Once inside the Music Box and trying to find a front row spot, I was surrounded by people in their 20s, happily chatting about their recent Coachella experience, one of them telling me it was his first Paul Simon show,… me? I have lost count,… but does it mean he is even cool with young hipsters?
The will-call ticketing had slowed down the process, and it took what it seemed an eternity for the large crowd to enter the theater. I don’t know when the show exactly started, but it was way after the previously announced 8pm, which let me the time to observe all the stuff set up on stage, numerous guitars, trumpet, saxophone, several keyboards, a grand piano, accordion, drum/percussion sets,… it was hard to do an inventory, as he is probably one of the musicians who uses the most instruments on stage, many members of his excellent band being multi-instrumentalists.
When they finally arrived on stage and started right away with a familiar tune from his Graceland album, ‘Crazy Love Vol II’, I think I got these spine chills,… it had been so long, too long, I was way back in time, and this song pleasantly started a thrilling time-machine concert of about 25 songs with two encores.

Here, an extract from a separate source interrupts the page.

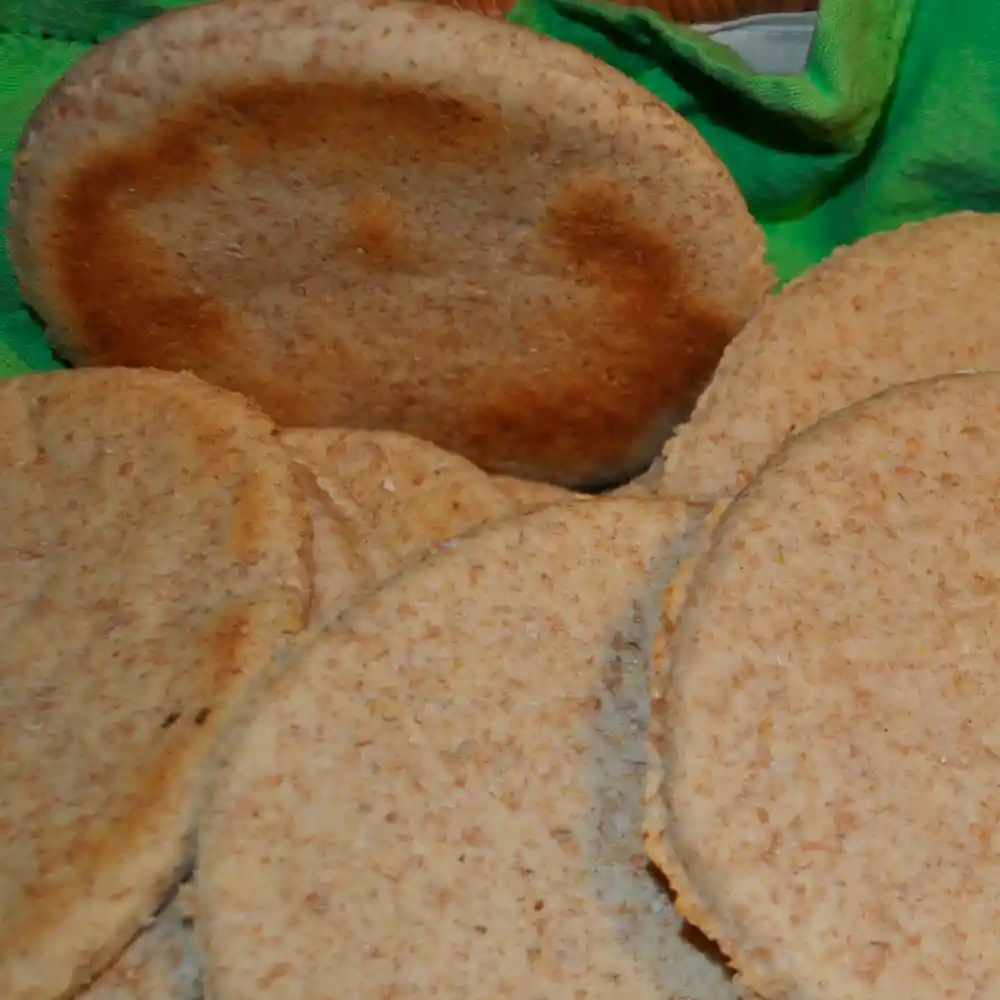 Laf Pan Pita Integral Kg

As always, Simon was at ease on stage, going from old classics – and I am talking ’50 Ways to leave your Lover’ or ‘Mother and Child reunion’ or even ‘Peace like a river’ – to new ones, from his last album, without giving us any indication that almost four decades were separating some of these songs. The multitude of instruments were bringing some jazzy elements here, more gospel rhythms there and of course a large African touch all over the place, taking all sorts of liberties with his own material,… but if you have followed his career, he has been doing that all along. Everything was running so smoothly, so perfectly and, oh a thing so rare in concert these days, you could hear distinctly each instrument.
It certainly helps that many of the musicians have been touring with Paul Simon since the Graceland and The Rhythm of the Saints’ tours, like ‘his majesty’ – as Simon himself introduced him – guitarist Vincent Nguini, or bassist Bakithi Kumalo and multi-instrumentalist Tony Cedras. But if the always polyvalent Mark Stewart, the saxophonist Andy Snitzer and percussionist Jamey Haddad have been playing with him since 1999, there were a few new comers, like pianist/percussionist Mick Rossi and guitarist/drummer Jim Oblon, whom Simon did not forget to present at the end of the show. Rossi, in particular, had the difficult task to reproduce the kora part on piano for ‘Rewrite’, and did a nice piano jazz ending on ‘Peace like a River’.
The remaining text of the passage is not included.